Wednesday, February 06, 2008

Things Hidden Since the Foundation of the World

I've just started reading some essays by Rene Girard. I've been instructed to read this dude by a variety of sources including Bryce, whom i work with at the library. Girard is the creater of an idea, an idea so powerful that Girard finds it in the foundation of all others. But it's not really an idea, it's more a mechanism, a non-conscious working of the social body, operative everywhere in human history.

This is called Mimetic Theory. The structure of the theory goes something like this:
Desire is triangular as no one simply desires an object spontaneously, but learns the desire from another.
Conflict and rivalry then occurs over the desired object.
Death occurs. This fulfillment then is not the attaining of the object of desire but the denial of the rival.

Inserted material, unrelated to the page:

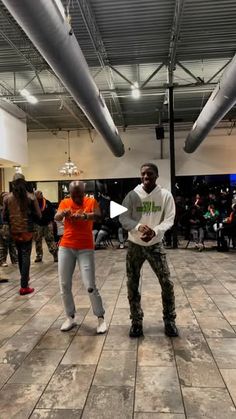 two young men are dancing on the dance floor in an indoor area with people watching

Take for example the family. Girard basis this in the context of Freud's Oedipal desire. Freud thinks that the founding even of society was the collective murder of the father by the brothers in the primal horde. Guiltstricken by what they had done the brothers then divinized their father and denied themselves the very think for which they commited the patricide: the sexual use of the hordes females.

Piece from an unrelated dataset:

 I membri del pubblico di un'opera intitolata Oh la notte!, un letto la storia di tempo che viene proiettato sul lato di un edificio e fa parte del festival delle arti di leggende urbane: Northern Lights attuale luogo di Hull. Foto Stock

This is the fundamental truth hidden since the foundation of the world says Girard in his book Violence and the Sacred; the collective murder of an arbitrary victim. So the violence is then endless, obeying the simple law of mimetic reciprocation (vegeance). It was discovered somewhere down the line in this history that peace was re-established through finding and killing a single and common enemy to whom all attributed their misfortune. This simple event-killing of one by all- founds soceity, religion, and all other major social institutions. This is called the scapegoat mechanism.

Sometimes the scapegoat undergoes a transformation in death. Since the death brought peace, the murdered then becomes a saviour of the group. People then use ritual reenactments of the saving murder, which becomes the institution of sacrifice.

Such scapegoat murders can be applied to Jesus, MLK Jr., JFK, and more. Here we have the exact pattern Girard spoke of. Someone comes with a new revolutionary idea. These people are popular, fall from grace, and are then killed or assassinated. In death these people become the savior or to the least iconic.

But does this bring about a lasting peace? More on this later!

2 comments:

Anonymous said...

Hi Puke, Hellion here.

Um...this theory is scarey to me. Make it stop.

Rico said...

That's what the crowd said. But they only closed their eyes and stopped their ears. Myth is what happens when the details aren't supposed to be remembered, only the effects.